Kidney diseases in Children-
In the context of children, the term “kidney disease” refers to any disorder that interferes with the kidneys’ ability to perform their typical functions. The kidneys are vital organs because they remove waste products from the blood and regulate the levels of electrolytes and water in the body.
Genetic problems, congenital disabilities, infections, autoimmune diseases, and secondary kidney injury from conditions like diabetes and hypertension are just some causes of kidney disease in children.
Causes of Kidney Disease in Children-
Kidney disease is caused by different factors in children than in adults. The leading causes of children kidney disease include:
- Congenital kidney defects
- Genetic diseases
- Infection in Kidneys
- Nephrotic Syndrome
Congenital Kidney Defects-
With kidney disease, congenital disabilities are physical issues your child has had with their kidneys since birth. The complications affect your baby during pregnancy.
- Some of the most typical forms of congenital renal disease are:
- One kidney in place of two (renal agenesis or solitary kidney)
- Two kidneys, however, one does not function properly (renal hypodysplasia)

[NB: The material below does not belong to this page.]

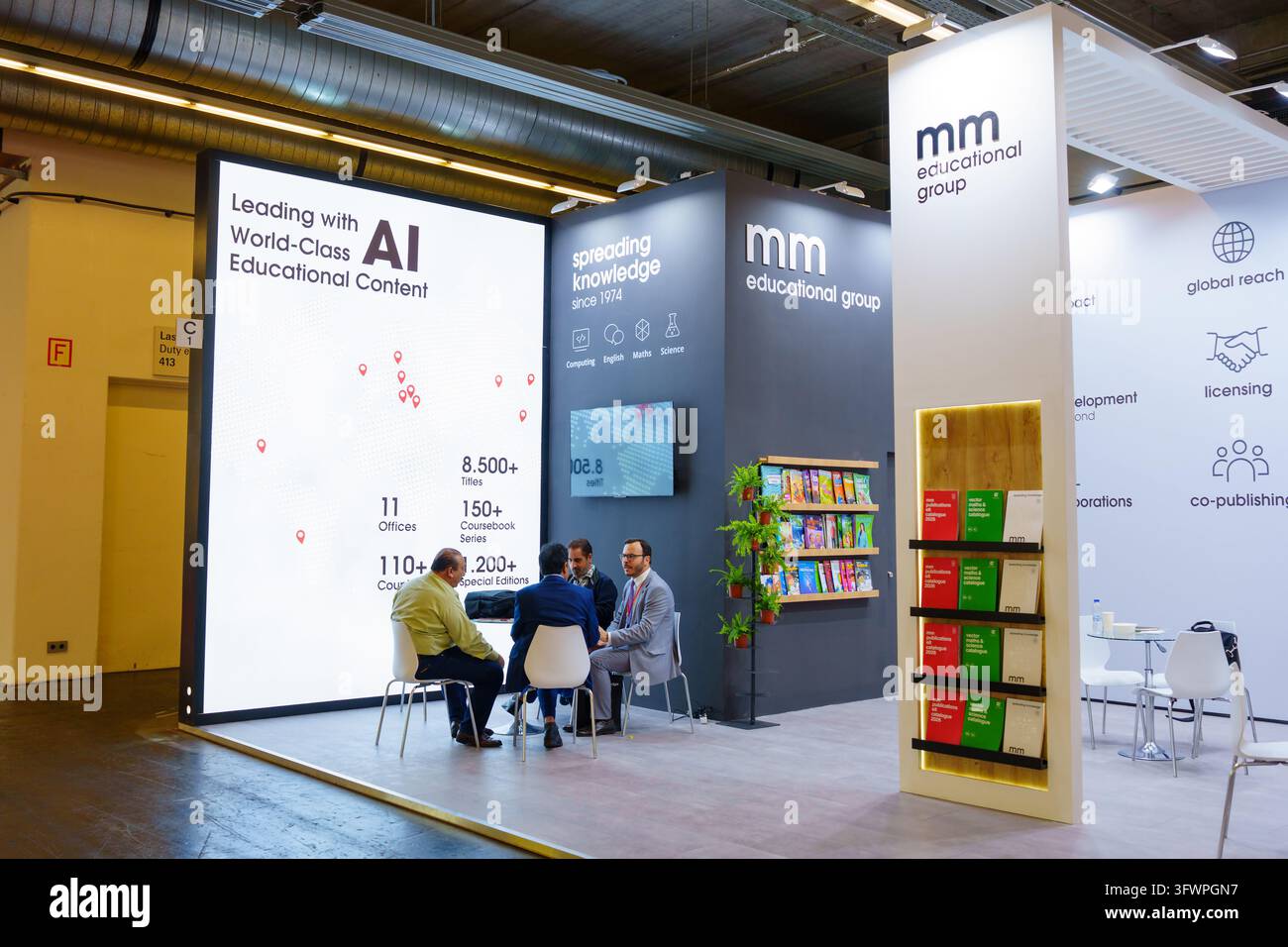 Francoforte, Germania – 7 ottobre 2026: Ambientazione professionale cattura rappresentanti aziendali che discutono di innovazioni nell'editoria educativa all'interno di un mo Foto Stock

- A kidney that is located in an abnormal location, such as below, above, or on the opposite side of the body compared to its usual site (ectopic kidney)
- Abnormalities of the bladder or ureter (obstructed urine flow or “reflux” of urine from the bladder to the kidneys).

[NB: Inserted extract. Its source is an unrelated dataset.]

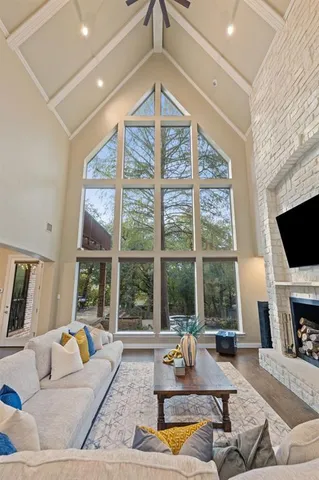 a living room with furniture a flat screen tv and a large window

The majority of children with kidney birth abnormality will not have significant health issues and will live entire, healthy lives.
Genetic Diseases That Causes Kidney Disease In Children
A genetic disease is transmitted through genes from one or both parents to the offspring. Genes contain DNA and instruct cells on how to function. There is no prevention for hereditary diseases. Some medications can aid in the treatment and management of some genetic diseases.
The following genetic disorders are the most common causes of kidney disease:
- Alport syndrome
Alport syndrome is a rare genetic disorder caused by mutations (changes) in three genes that control the development of specific body parts in children. This causes abnormal growth in your child’s kidneys, hearing, and eyes.
Kidney disease is a consistent symptom of Alport syndrome, with potential hearing loss and visual impairments. The symptoms might begin while your child is relatively young. Fortunately, medications can keep your child’s kidneys healthy and functioning for extended periods.
- Polycystic kidney disease, either autosomal recessive polycystic kidney disease (ARPKD) or autosomal dominant polycystic kidney disease (ADPKD)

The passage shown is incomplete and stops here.